At the Venice Biennale, Swiss-Icelandic artist Christoph Büchel is showing the remains of a fishing boat that was shipwrecked off the coast of Libya on the night of 18 April 2015. More than 800 of its migrant passengers died after the boat collided with a Portuguese cargo ship which was coming to its rescue. Just 28 survived. The disaster, one of the deadliest in Mediterrean history, followed the closure of the ‘Mare Nostrum’ project in which migrant boats in distress were rescued under Italian and EU supervision.

Now the remains of the vessel are on display at the Arsenale, the city’s former dockyard and now one of the major Venice Biennale venues – as part of Büchel’s Barca Nostra project. Barca Nostra is a partnership between the artist and the Sicilian town of Augusta. There are long-term plans for the vessel to become a ‘garden of memory’ in Sicily.

A statement for the Barca Nostra project describes how its display ‘in the context of the cultural spectacle and economic operation of the Biennale in Venice, a city based on migration that feeds the machine of its own destruction through mass tourism’, creates the possibility of using the shipwreck ‘as a vehicle of significant socio-political, ethical, and historial importance.’

EUR9.5 million was spent by the Italian government on recovering the vessel, and it has since been situated at a NATO naval base in Sicily. A series of planned memorials involving the boat never materialized – with the vessel finally taken to Venice for Büchel’s project, which is part of the Biennale’s central exhibition ‘May You Live In Interesting Times’, curated by Ralph Rugoff. The Biennale opens to the public on 11 May.
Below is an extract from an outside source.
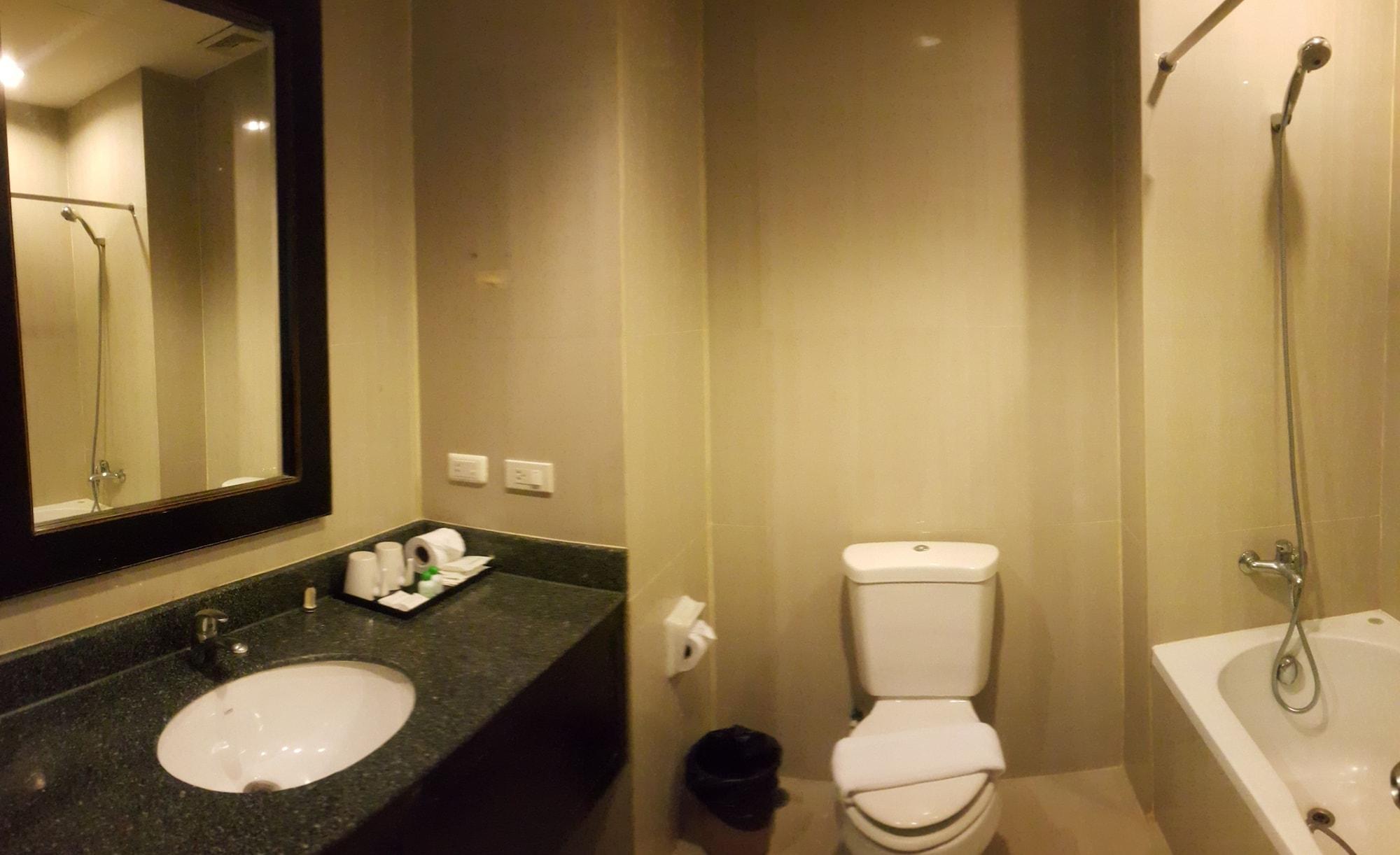 Summer Spring Hotel Паттая Екстер'єр фото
During the 2015 edition of the Biennale, Büchel took over the Icelandic pavilion, in which he installed a mosque in a deconsecrated Catholic church – the project was later shut down just two weeks later by city authorities after being deemed a security risk. Büchel also courted controversy last year for his ‘Prototypes’ project, a campaign to preserve US-Mexico border wall prototypes, commissioned by US president Donald Trump – the artist claimed that the structures constituted ‘historical land art’.